§ What is needed:
Look through the entries below and extract exactly the lines from the one containing "Honda ACCORD LX" through the one containing "Departamento 3 ambientes con 2 baños", ends included.

§ Recorded data:
==*==
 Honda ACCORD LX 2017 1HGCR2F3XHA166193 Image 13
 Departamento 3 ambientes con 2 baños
==*==
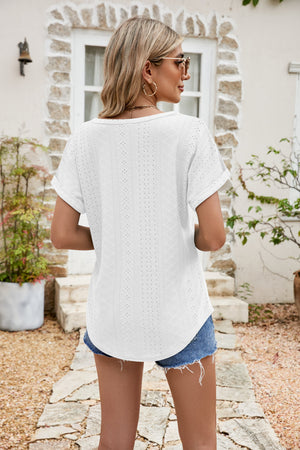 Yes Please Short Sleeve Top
==*==
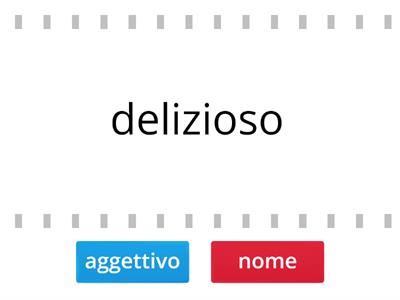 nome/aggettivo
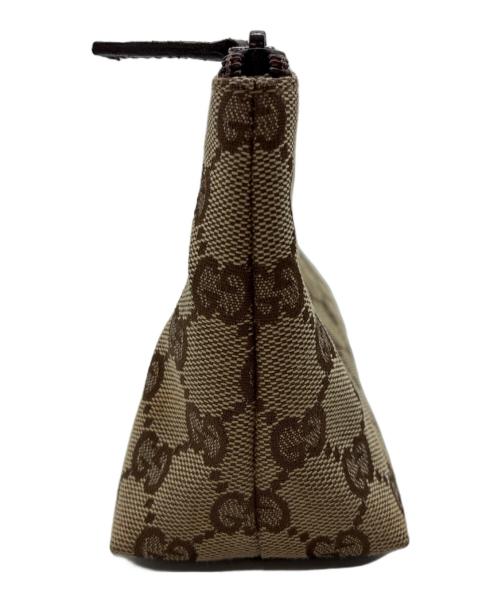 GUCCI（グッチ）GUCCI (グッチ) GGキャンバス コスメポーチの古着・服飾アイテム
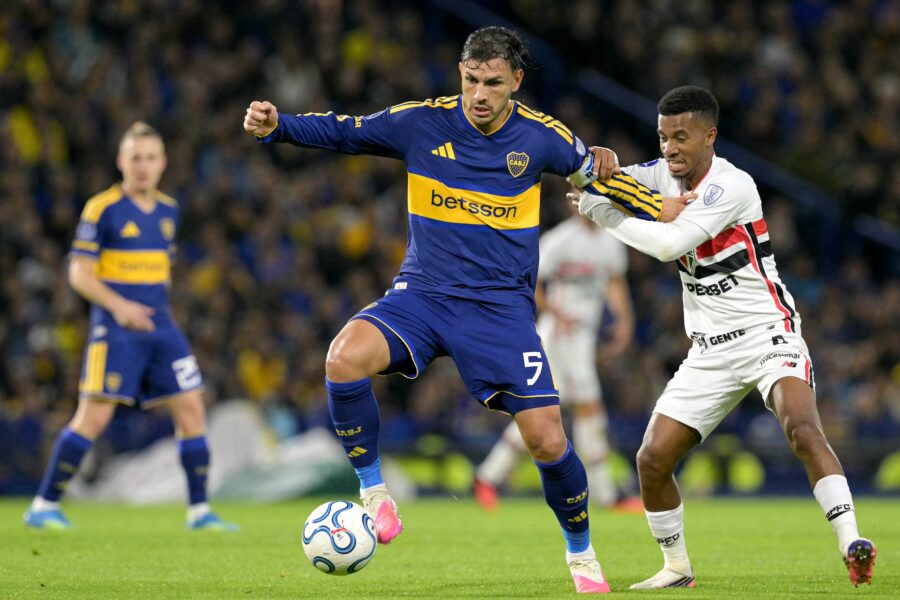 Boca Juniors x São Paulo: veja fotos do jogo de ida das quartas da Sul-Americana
==*==
§ Expected output:
 Honda ACCORD LX 2017 1HGCR2F3XHA166193 Image 13
 Departamento 3 ambientes con 2 baños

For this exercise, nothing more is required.